Image-text web data:
--------------------
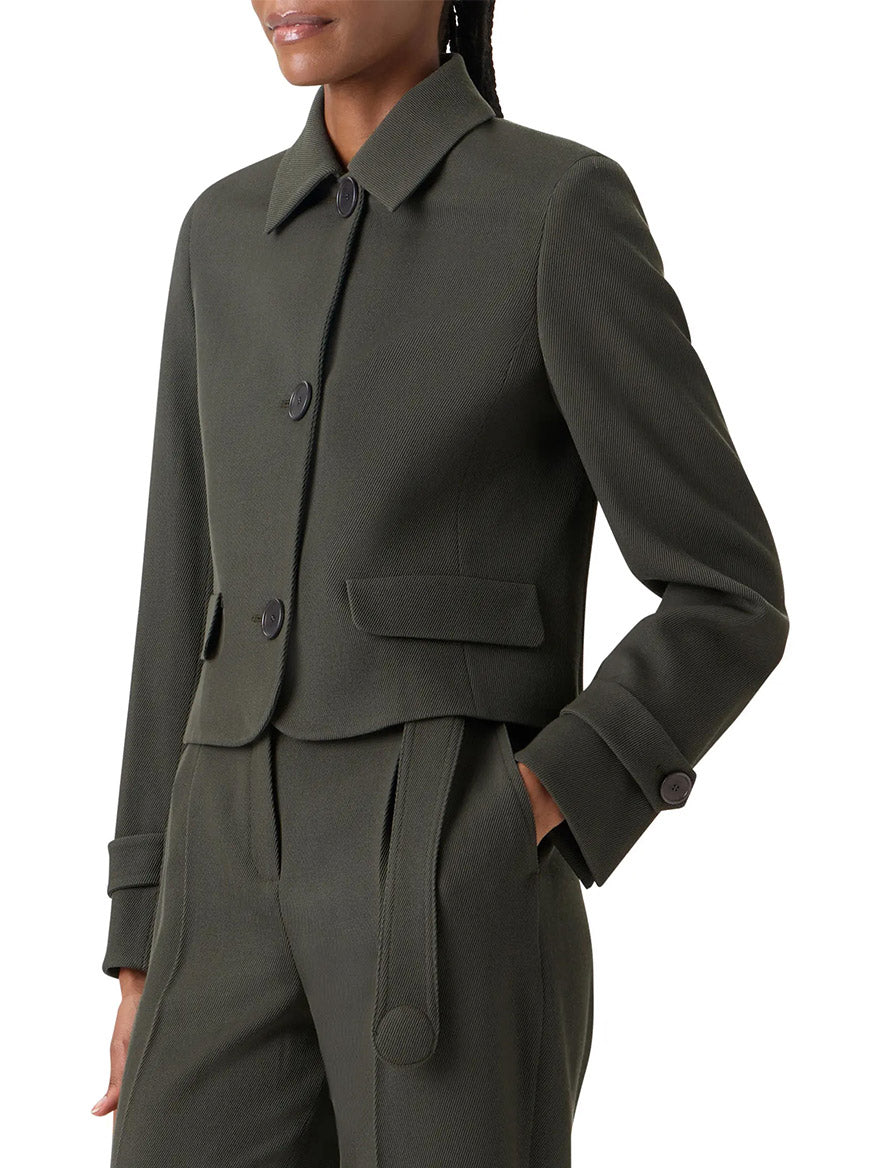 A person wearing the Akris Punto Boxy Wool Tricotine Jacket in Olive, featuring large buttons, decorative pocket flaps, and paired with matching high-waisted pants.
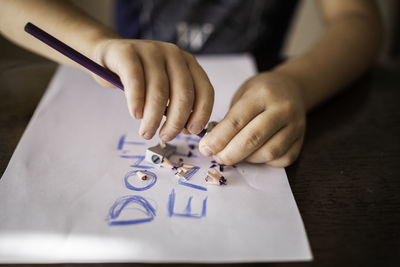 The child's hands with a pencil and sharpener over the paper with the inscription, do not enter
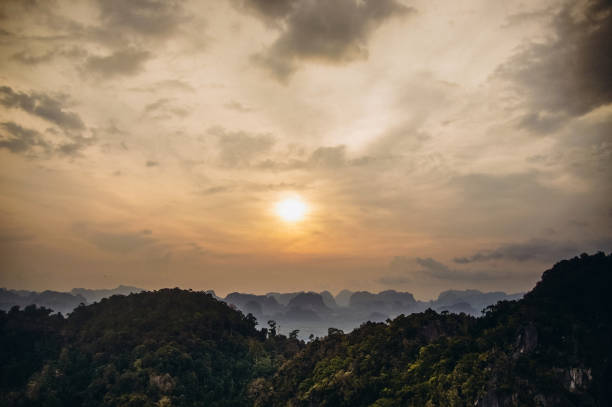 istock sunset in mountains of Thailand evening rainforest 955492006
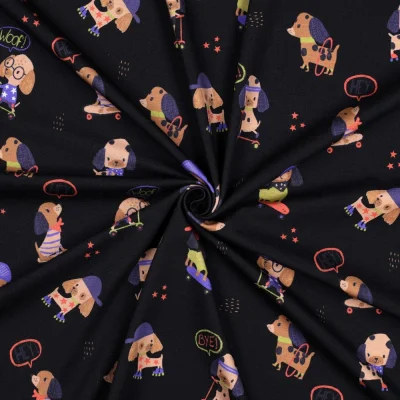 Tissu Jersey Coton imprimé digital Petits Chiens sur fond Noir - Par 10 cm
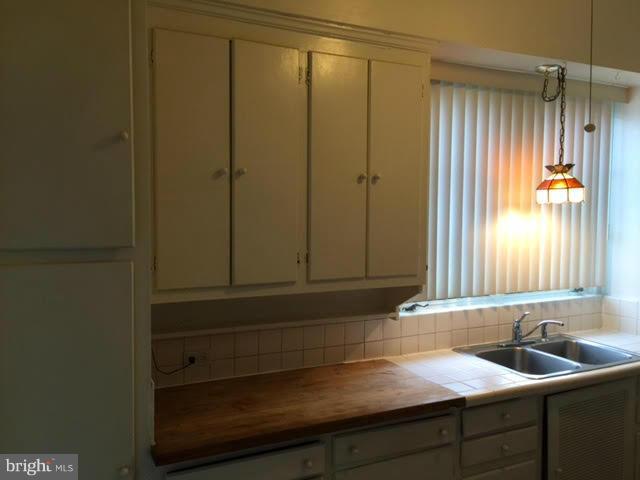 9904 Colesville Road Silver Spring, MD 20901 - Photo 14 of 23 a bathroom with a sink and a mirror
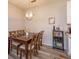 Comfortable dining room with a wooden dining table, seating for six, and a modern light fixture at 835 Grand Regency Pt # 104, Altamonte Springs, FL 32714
--------------------
## What the task requires:
Copy the data above word for word. Pictures stay out.

## Response to the exercise:
 A person wearing the Akris Punto Boxy Wool Tricotine Jacket in Olive, featuring large buttons, decorative pocket flaps, and paired with matching high-waisted pants.
 The child's hands with a pencil and sharpener over the paper with the inscription, do not enter
 istock sunset in mountains of Thailand evening rainforest 955492006
 Tissu Jersey Coton imprimé digital Petits Chiens sur fond Noir - Par 10 cm
 9904 Colesville Road Silver Spring, MD 20901 - Photo 14 of 23 a bathroom with a sink and a mirror
 Comfortable dining room with a wooden dining table, seating for six, and a modern light fixture at 835 Grand Regency Pt # 104, Altamonte Springs, FL 32714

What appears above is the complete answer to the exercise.